• _What is required_
The lines from the one containing "Hugo Boss T-shirt hvid" through the last line below, both ends included, must be reproduced exactly, with no pictures.

• _Data below_
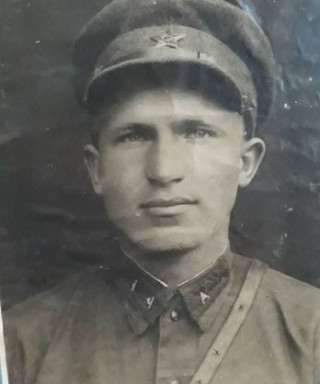 Киселев Леонид Иванович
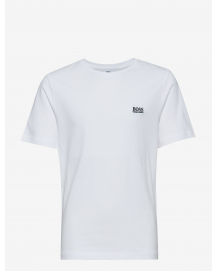 Hugo Boss T-shirt hvid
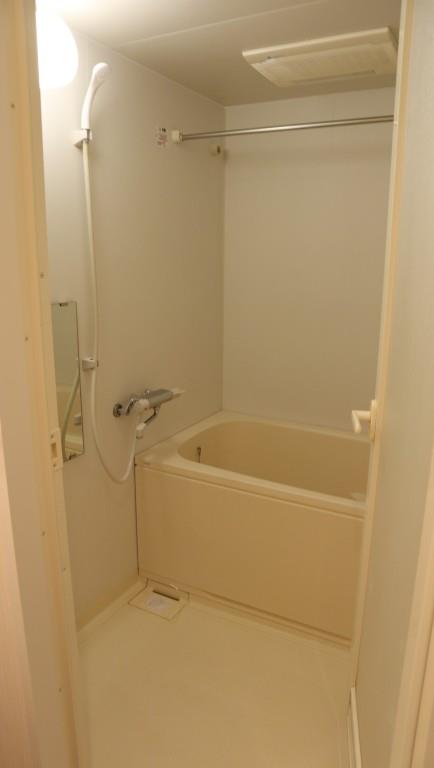 サン セジュール 風呂画像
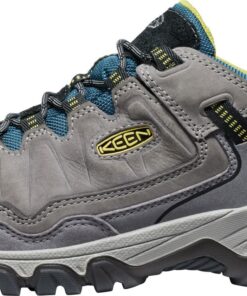 Keen TARGHEE IV MID WP 1029826 vyriški žygio batai - batai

• _Response box_
 Hugo Boss T-shirt hvid
 サン セジュール 風呂画像
 Keen TARGHEE IV MID WP 1029826 vyriški žygio batai - batai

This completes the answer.